→ What you have to do
Using the records below, repeat exactly the lines from the one holding "Seamless pattern of" through the one holding "ILVE Majestic III", both ends included, and no others.

Short descriptive text snippets

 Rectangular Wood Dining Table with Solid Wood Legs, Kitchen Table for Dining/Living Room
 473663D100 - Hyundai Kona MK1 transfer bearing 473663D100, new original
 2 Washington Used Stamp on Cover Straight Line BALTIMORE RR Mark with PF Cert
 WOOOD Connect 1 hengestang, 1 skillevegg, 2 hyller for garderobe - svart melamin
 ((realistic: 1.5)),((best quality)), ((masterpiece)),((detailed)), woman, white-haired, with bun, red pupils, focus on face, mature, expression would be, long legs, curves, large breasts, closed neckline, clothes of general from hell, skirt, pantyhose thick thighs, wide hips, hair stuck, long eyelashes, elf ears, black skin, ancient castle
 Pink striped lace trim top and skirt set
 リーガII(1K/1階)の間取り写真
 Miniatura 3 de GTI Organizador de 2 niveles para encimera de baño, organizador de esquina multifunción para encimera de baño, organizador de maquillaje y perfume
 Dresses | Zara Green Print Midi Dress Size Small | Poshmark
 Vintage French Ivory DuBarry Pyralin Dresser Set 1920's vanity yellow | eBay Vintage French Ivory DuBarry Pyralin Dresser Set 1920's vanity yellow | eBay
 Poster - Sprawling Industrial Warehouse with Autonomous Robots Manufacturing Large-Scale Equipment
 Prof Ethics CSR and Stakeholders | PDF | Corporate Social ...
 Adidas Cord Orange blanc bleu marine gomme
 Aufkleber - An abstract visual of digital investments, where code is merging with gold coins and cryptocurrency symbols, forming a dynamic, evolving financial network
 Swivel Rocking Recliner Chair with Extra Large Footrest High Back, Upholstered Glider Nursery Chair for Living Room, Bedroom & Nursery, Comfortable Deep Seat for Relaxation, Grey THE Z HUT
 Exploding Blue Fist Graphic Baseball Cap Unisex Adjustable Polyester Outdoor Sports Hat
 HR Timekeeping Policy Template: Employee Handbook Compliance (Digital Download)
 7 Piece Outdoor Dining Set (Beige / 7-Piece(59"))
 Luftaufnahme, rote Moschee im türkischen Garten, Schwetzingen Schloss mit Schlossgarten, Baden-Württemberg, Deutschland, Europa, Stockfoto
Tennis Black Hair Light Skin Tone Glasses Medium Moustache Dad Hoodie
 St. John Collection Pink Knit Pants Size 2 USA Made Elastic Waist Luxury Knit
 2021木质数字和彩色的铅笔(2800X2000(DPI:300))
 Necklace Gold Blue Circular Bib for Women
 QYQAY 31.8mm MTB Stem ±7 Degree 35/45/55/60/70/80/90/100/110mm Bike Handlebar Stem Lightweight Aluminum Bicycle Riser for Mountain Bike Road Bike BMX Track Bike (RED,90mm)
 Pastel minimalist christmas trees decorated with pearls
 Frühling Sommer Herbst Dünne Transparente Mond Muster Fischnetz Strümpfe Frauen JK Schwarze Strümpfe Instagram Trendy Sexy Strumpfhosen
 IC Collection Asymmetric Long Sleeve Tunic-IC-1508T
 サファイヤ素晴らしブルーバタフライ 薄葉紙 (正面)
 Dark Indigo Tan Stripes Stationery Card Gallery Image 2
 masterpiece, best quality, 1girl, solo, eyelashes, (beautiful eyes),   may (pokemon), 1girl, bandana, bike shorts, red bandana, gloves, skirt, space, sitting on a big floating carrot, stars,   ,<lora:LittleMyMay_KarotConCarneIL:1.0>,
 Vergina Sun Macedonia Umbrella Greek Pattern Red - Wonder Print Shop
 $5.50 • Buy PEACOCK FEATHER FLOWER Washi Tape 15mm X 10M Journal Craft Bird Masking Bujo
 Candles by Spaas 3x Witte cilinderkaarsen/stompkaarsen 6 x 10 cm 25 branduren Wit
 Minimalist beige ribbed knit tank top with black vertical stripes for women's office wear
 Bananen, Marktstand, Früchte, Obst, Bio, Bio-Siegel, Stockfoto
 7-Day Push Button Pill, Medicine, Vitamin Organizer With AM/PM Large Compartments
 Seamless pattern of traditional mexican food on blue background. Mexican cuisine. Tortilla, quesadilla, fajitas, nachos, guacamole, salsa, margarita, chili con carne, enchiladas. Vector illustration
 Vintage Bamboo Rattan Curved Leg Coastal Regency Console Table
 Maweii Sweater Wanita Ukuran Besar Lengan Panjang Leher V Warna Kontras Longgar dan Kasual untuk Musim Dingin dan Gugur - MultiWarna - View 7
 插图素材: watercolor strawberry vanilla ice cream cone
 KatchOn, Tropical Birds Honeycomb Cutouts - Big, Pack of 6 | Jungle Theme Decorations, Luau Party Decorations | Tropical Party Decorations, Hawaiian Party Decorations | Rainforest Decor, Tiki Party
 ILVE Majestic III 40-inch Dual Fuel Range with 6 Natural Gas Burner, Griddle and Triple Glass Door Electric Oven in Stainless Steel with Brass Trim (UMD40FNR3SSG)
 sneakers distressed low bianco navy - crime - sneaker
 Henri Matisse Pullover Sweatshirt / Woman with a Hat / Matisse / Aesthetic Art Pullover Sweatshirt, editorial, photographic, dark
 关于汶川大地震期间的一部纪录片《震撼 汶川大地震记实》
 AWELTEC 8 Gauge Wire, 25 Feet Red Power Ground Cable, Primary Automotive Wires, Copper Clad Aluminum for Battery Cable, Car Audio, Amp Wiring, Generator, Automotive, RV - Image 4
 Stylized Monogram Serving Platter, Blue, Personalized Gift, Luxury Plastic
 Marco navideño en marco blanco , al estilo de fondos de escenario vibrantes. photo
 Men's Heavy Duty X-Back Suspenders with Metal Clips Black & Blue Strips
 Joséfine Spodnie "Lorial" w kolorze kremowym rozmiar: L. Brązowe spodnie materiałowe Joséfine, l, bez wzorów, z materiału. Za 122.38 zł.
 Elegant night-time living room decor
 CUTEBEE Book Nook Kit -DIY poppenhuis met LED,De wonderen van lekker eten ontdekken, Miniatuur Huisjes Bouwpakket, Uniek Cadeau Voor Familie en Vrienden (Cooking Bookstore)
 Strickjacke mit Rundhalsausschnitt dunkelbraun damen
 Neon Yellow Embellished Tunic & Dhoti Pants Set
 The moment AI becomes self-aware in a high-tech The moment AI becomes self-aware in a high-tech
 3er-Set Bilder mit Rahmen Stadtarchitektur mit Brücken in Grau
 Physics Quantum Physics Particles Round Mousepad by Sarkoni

→ Task answer
 Seamless pattern of traditional mexican food on blue background. Mexican cuisine. Tortilla, quesadilla, fajitas, nachos, guacamole, salsa, margarita, chili con carne, enchiladas. Vector illustration
 Vintage Bamboo Rattan Curved Leg Coastal Regency Console Table
 Maweii Sweater Wanita Ukuran Besar Lengan Panjang Leher V Warna Kontras Longgar dan Kasual untuk Musim Dingin dan Gugur - MultiWarna - View 7
 插图素材: watercolor strawberry vanilla ice cream cone
 KatchOn, Tropical Birds Honeycomb Cutouts - Big, Pack of 6 | Jungle Theme Decorations, Luau Party Decorations | Tropical Party Decorations, Hawaiian Party Decorations | Rainforest Decor, Tiki Party
 ILVE Majestic III 40-inch Dual Fuel Range with 6 Natural Gas Burner, Griddle and Triple Glass Door Electric Oven in Stainless Steel with Brass Trim (UMD40FNR3SSG)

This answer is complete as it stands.